TASK DATA Block Start
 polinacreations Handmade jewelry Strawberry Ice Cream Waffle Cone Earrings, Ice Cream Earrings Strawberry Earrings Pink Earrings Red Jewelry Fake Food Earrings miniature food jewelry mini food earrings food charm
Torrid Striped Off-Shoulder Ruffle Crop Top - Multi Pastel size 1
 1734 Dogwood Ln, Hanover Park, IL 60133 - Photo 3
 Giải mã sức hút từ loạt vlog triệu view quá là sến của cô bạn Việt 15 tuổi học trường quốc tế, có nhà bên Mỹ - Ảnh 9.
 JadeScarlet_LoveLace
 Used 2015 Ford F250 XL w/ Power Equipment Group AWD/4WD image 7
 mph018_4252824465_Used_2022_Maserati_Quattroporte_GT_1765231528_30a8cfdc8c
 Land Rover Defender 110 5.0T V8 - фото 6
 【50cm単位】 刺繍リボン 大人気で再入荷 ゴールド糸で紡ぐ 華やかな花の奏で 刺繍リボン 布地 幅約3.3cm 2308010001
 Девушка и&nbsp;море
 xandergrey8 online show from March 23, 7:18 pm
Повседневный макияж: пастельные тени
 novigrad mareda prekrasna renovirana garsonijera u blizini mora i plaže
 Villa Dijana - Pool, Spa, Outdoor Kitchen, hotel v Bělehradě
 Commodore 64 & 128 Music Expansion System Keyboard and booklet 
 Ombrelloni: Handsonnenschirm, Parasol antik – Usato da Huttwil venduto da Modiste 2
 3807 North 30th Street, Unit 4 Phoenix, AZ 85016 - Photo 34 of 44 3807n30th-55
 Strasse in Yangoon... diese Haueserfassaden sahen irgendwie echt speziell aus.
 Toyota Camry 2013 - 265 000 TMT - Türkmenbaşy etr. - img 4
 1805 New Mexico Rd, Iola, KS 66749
TASK DATA Block End
DESCRIPTION OF THE TASK:
Starting with the line with "Torrid Striped Off-Shoulder" above and going on through the line with "Повседневный макияж: пастельные тени", transcribe every line exactly, both ends included, and add nothing.

TASK OUTPUT:
Torrid Striped Off-Shoulder Ruffle Crop Top - Multi Pastel size 1
 1734 Dogwood Ln, Hanover Park, IL 60133 - Photo 3
 Giải mã sức hút từ loạt vlog triệu view quá là sến của cô bạn Việt 15 tuổi học trường quốc tế, có nhà bên Mỹ - Ảnh 9.
 JadeScarlet_LoveLace
 Used 2015 Ford F250 XL w/ Power Equipment Group AWD/4WD image 7
 mph018_4252824465_Used_2022_Maserati_Quattroporte_GT_1765231528_30a8cfdc8c
 Land Rover Defender 110 5.0T V8 - фото 6
 【50cm単位】 刺繍リボン 大人気で再入荷 ゴールド糸で紡ぐ 華やかな花の奏で 刺繍リボン 布地 幅約3.3cm 2308010001
 Девушка и&nbsp;море
 xandergrey8 online show from March 23, 7:18 pm
Повседневный макияж: пастельные тени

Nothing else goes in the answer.